Offers Vista support olive-branch... but does Mozilla need its help?

Tags: microsoft, vista, mozilla, firefox

By Colin Barker

Published: 22 August 2006 16:40 BST

The head of Microsoft's open source business has offered help to get Firefox to work with the upcoming Vista operating system but it remains to be seen if Mozilla and the open source community will respond positively to the gesture.

Sam Ramji, director of Microsoft's open source software lab, posted an open invitation to work with Microsoft on a Mozilla development discussion group on Monday.

Ramji wrote: "I'm writing to see if you are open to some 1:1 support in getting Firefox and Thunderbird to run on Vista."

He stressed Microsoft is "committed to evolving our thinking beyond commercial companies to include open source projects" in the Vista project.

Ramji was also anxious that Mozilla and the open source community should not take the offer lightly. He stressed his contribution to Vista is the "non-trivial effort of getting slots for non-commercial open source projects".
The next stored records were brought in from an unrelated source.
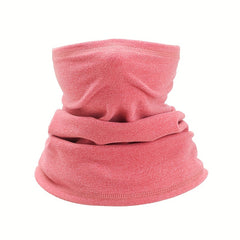 Kids Plush Neck Cover for Winter Warmth - Cycling and Skiing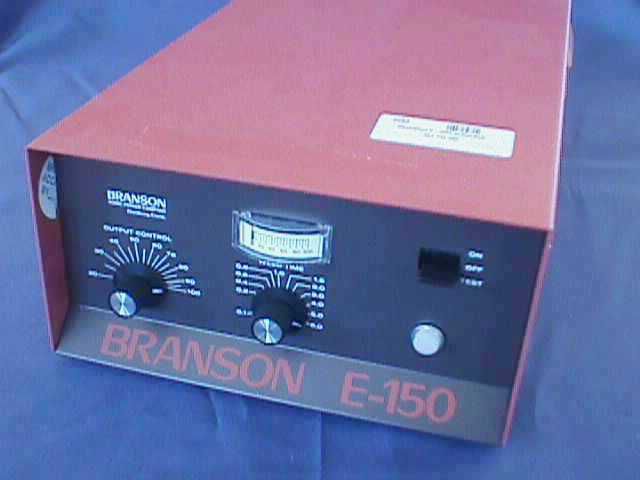 SOURCE SOUDAGE ULTRASON BRANSON ULTRASONIC EMERSON / E-150-C (73593) 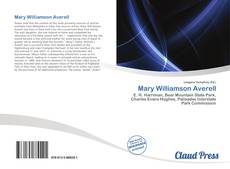 Mary Williamson Averell kitap kapağı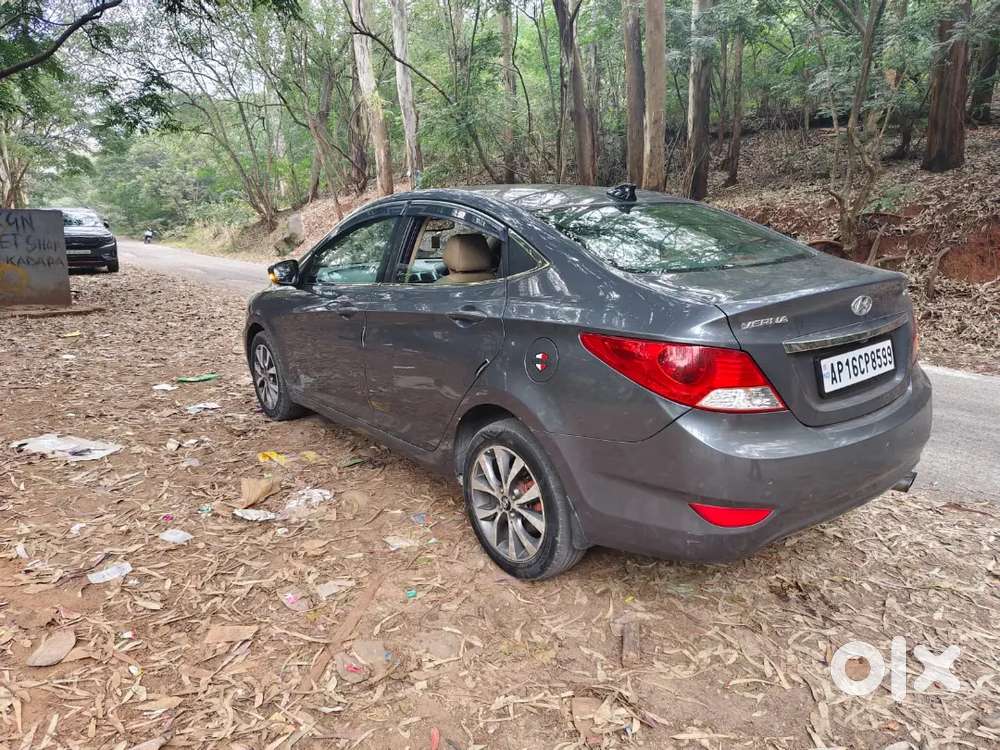 Hyundai Verna Sx Diesel 2014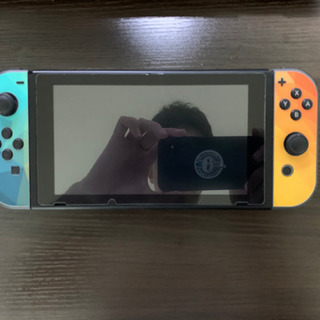 ニンテンドースイッチ「Nintendo Switch」本体とゲー...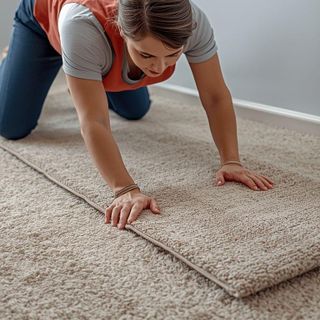 Laying or Removing Carpet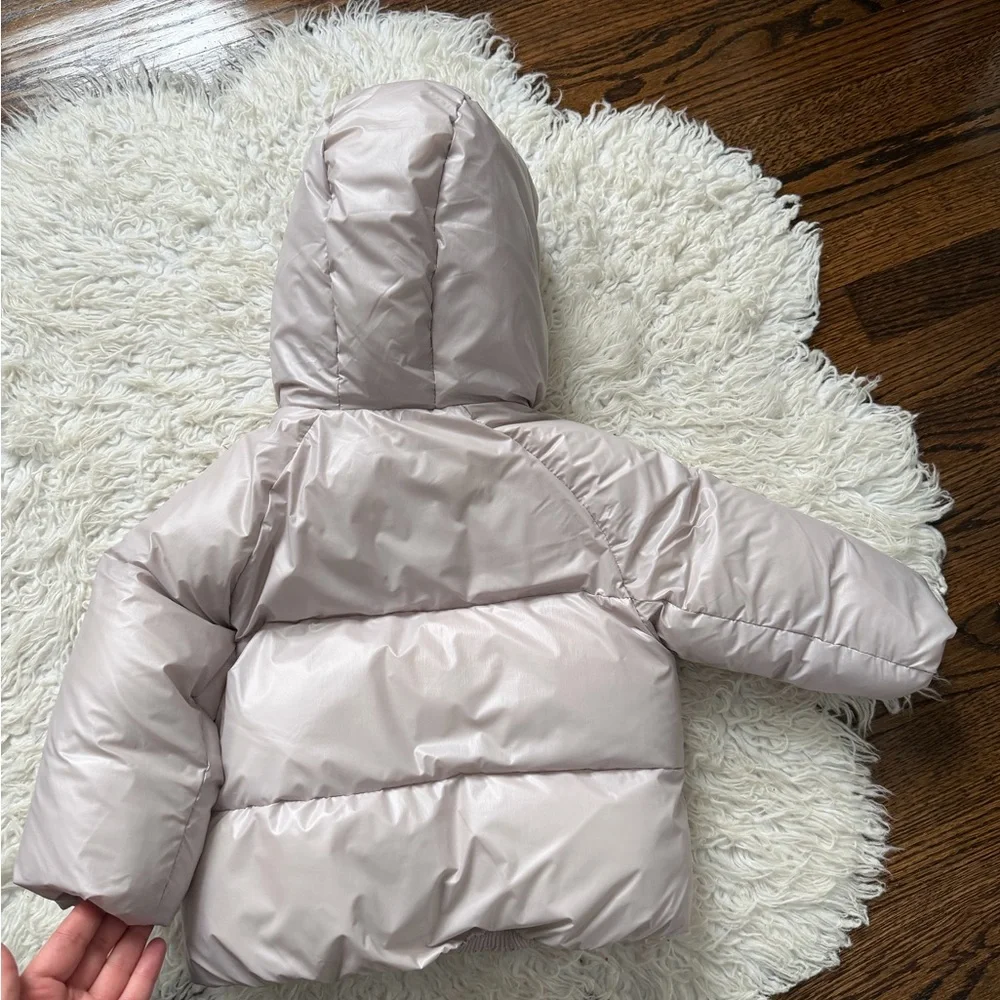Kids LavenderPuffer Jacket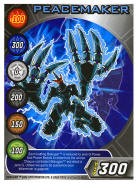 Bakugan Peacemaker Card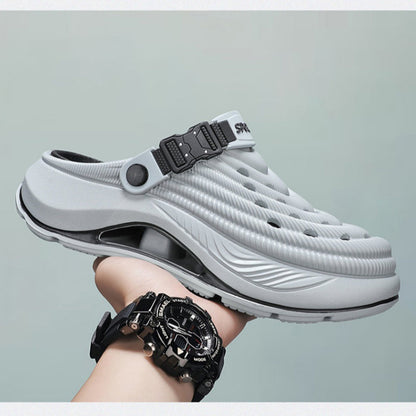 🔥Utförsäljning🔥Unisex andningsaktiv lättvikts halkskydd Crocs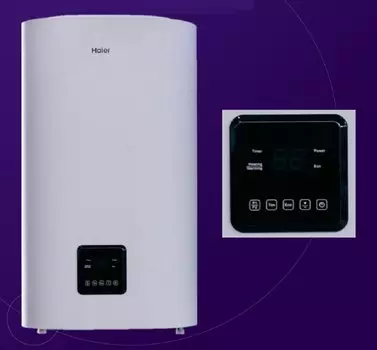 Водонагреватель Haier ES30V-F6 Inox, электрический, 30 л, 2 кВт (TD0050873RU)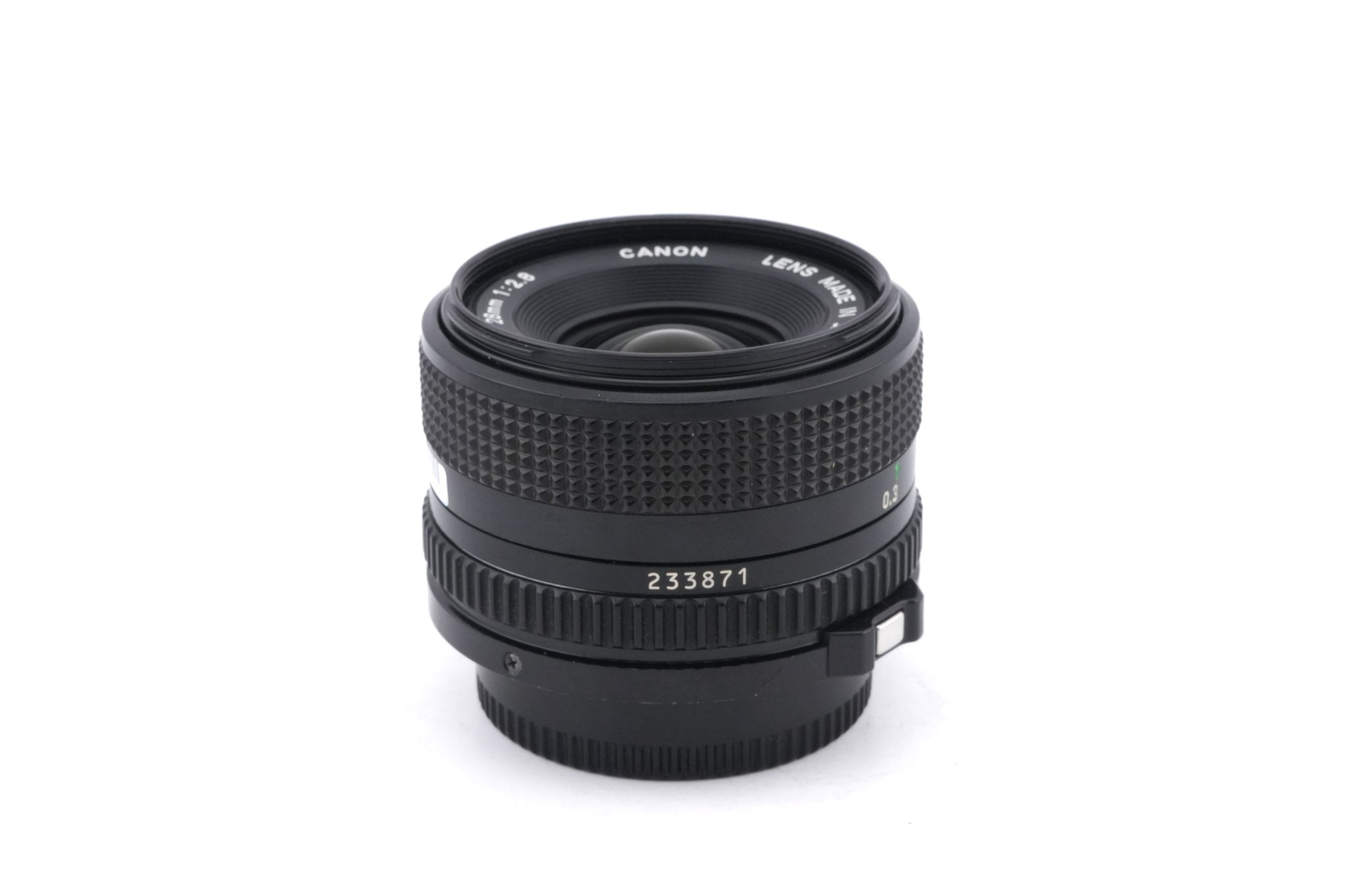 Canon 28mm f2.8 FDn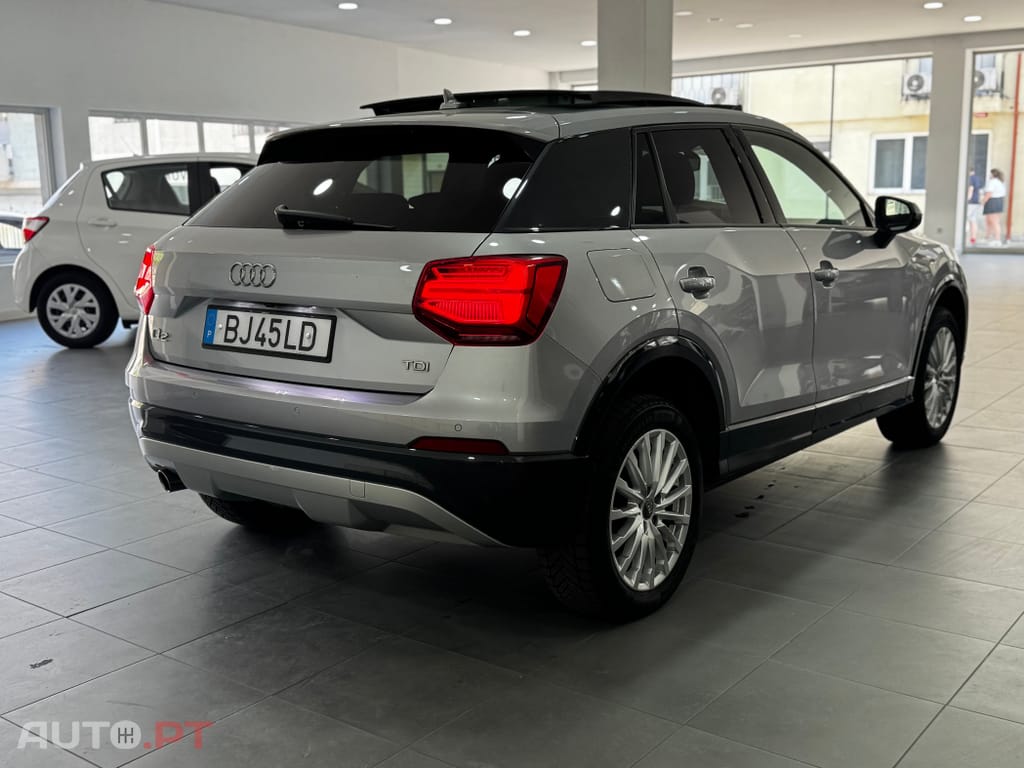Audi Q2 1.6 TDI Desgin
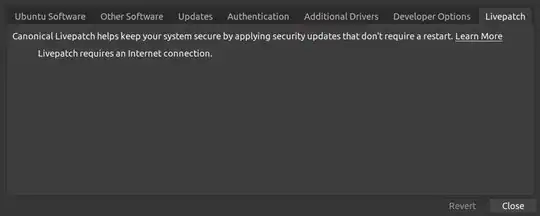 screenshot Software & Updates
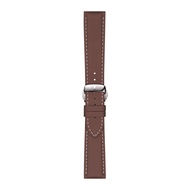 TISSOT OFFICIAL BROWN LEATHER STRAP LUGS 21 MM (T852044597)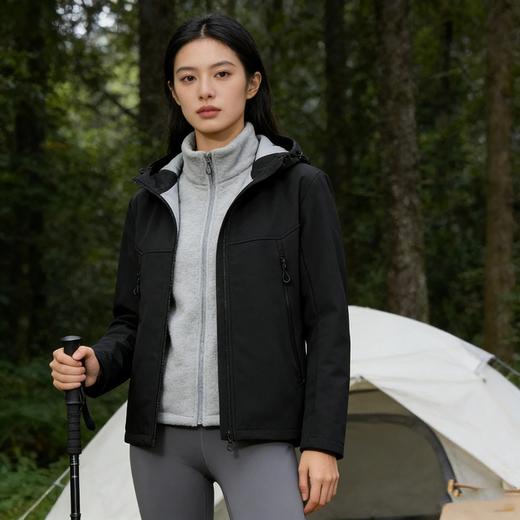 【防泼防污 兼具颜值和功能】轻盈有型情侣百搭软壳外套（A87-DQC6622） 商品图10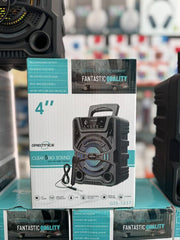 Wireless speaker 4pouces STAREO FM Radio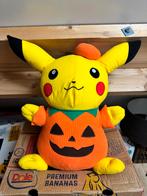 Grote Halloween Pikachu Knuffel - 50cm Pompoen Editie, Ophalen of Verzenden, Gebruikt, Overige typen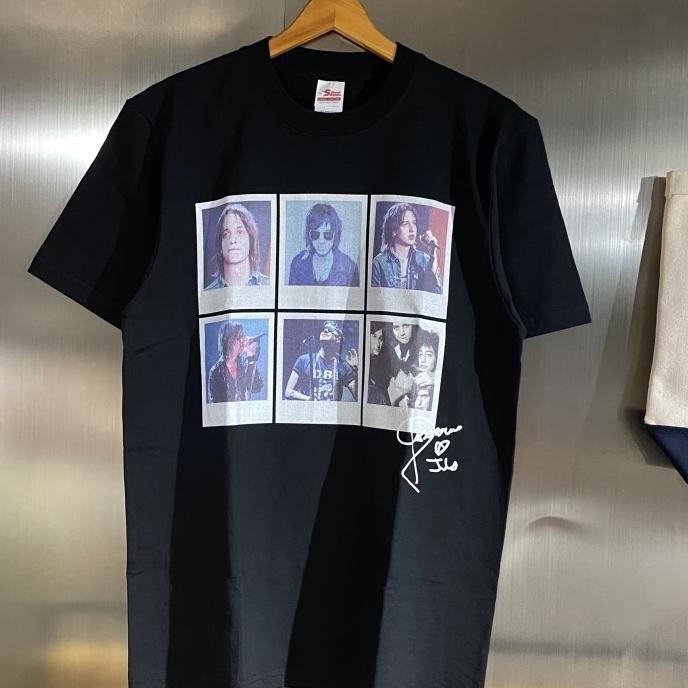 new  THE STROKES - JULIAN CASABLANCAS TSHIRT BLACK murah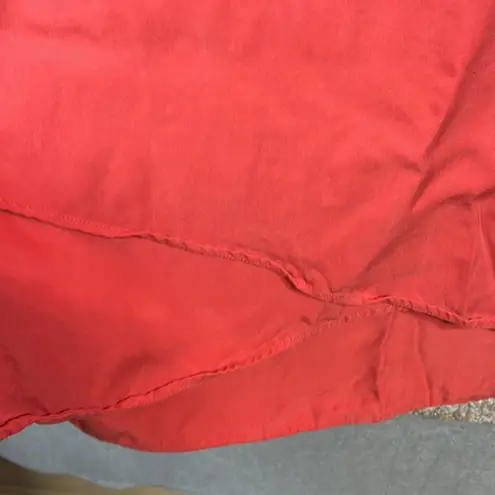 Soft Surroundings Tunic Blouse Lagenlook Art Teacher Relaxed Comfy Casual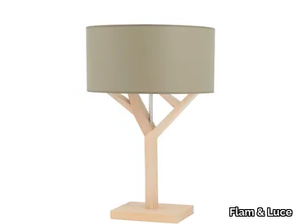 TREE - Wooden table lamp _ Flam & Luce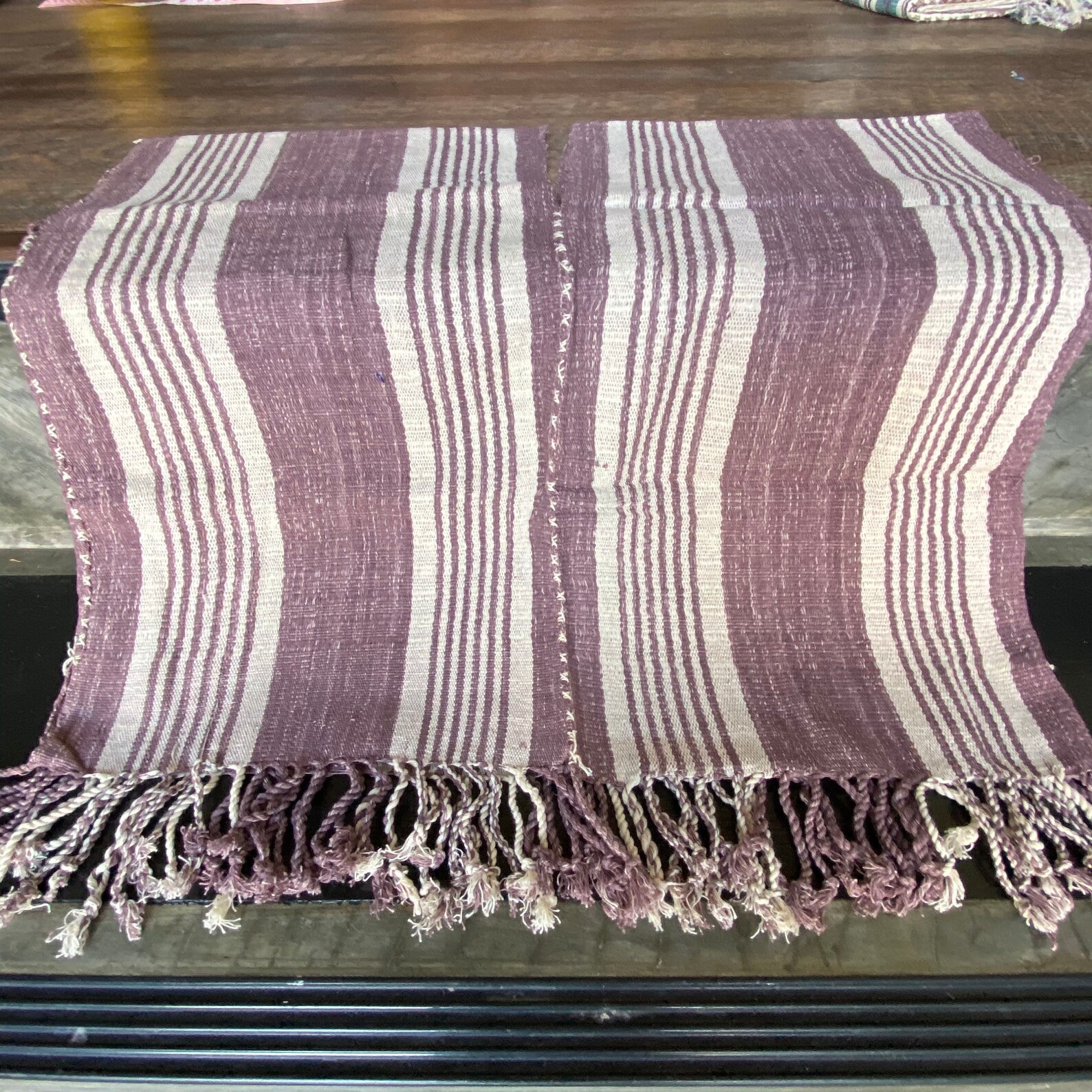 Karen fabric 19.X21without fringeHand Etsy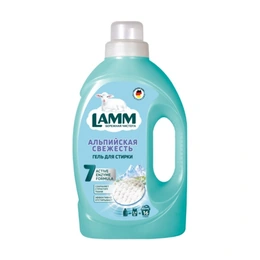Гель для стирки Lamm Альпийская свежесть, 1,04 л - Сүрөт 1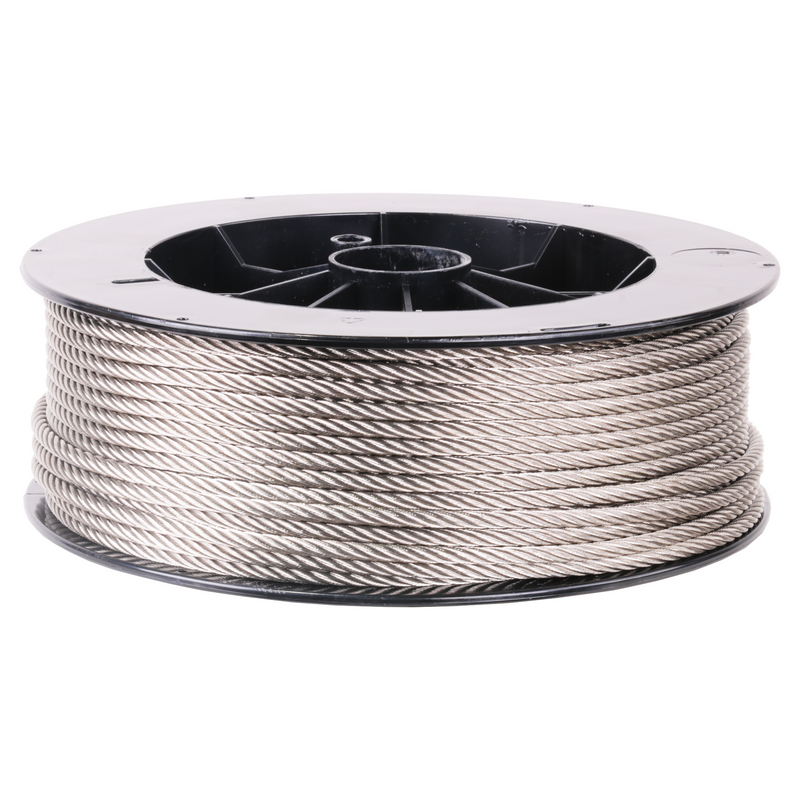 PRO Strand 1/4 X 200', 7x19, Type 304 Stainless Steel Cable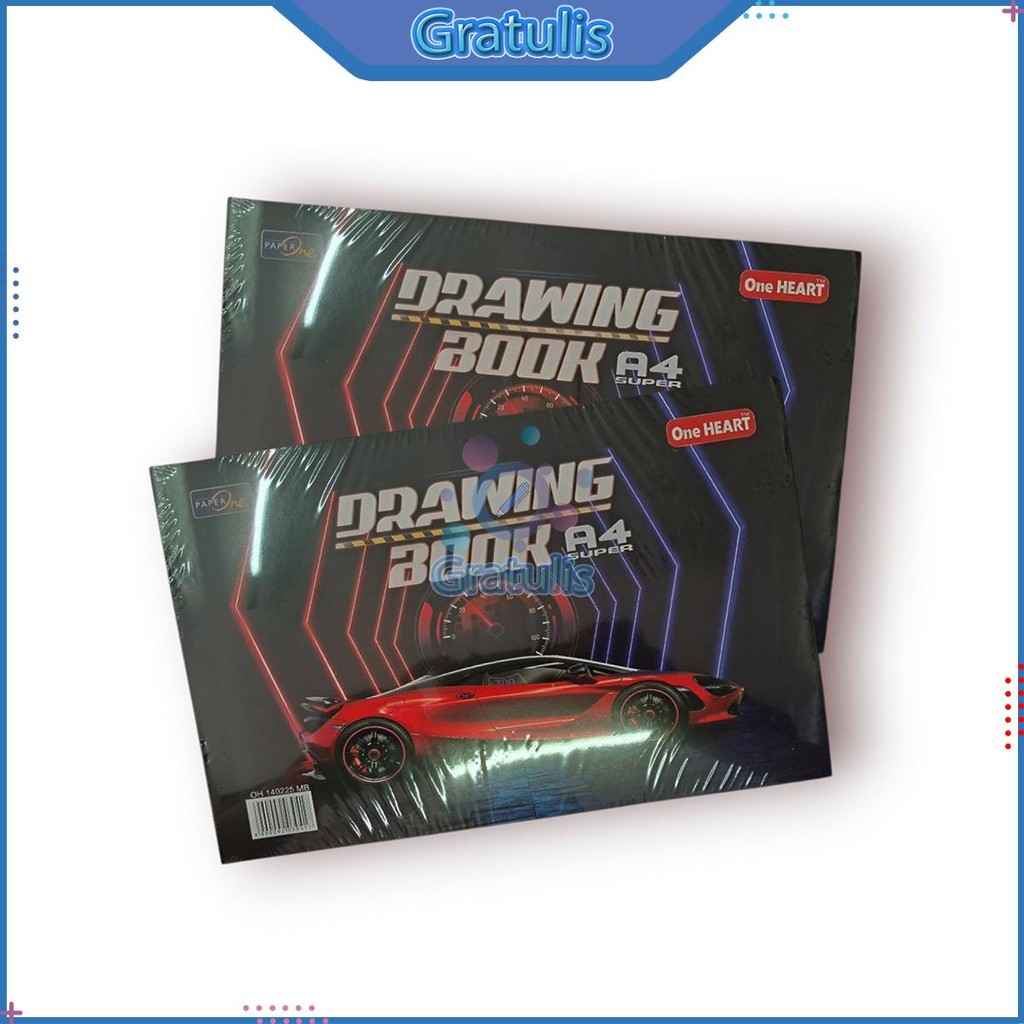 

BUKU GAMBAR A4 BEST ONE [1 PAK] / PERLENGKAPAN MENGGAMBAR MEWARNAI SEKOLAH DRAWING BOOK 1 PACK / ALAT TULIS SEKOLAH MELUKIS DESAIN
The early signs from the open source community are that some are suspicious of Microsoft's motives.

But others said Monday's offer is a sign Microsoft is changing. The company has finally realised "ultimately… proprietary technologies will always get replaced by an industry-supported, open-standard alternative, hence the embrace of RSS, Open Source Lab, XML and royalty-free access to Open XML", posted one enthusiast on the Ars Technica website.

Firefox already runs successfully on existing Windows, Linux and Macintosh operating systems. Testing by silicon.com sister site ZDNet UK found it also runs well in Vista beta 2, so it's not clear why Mozilla would need help from Microsoft.

However, the Vista Readiness Labs does include use of Microsoft's Application Compatibility Toolkit, which tests more of a product than might be explored during normal use.

Mozilla Europe said it is "too early to comment" on Microsoft's offer.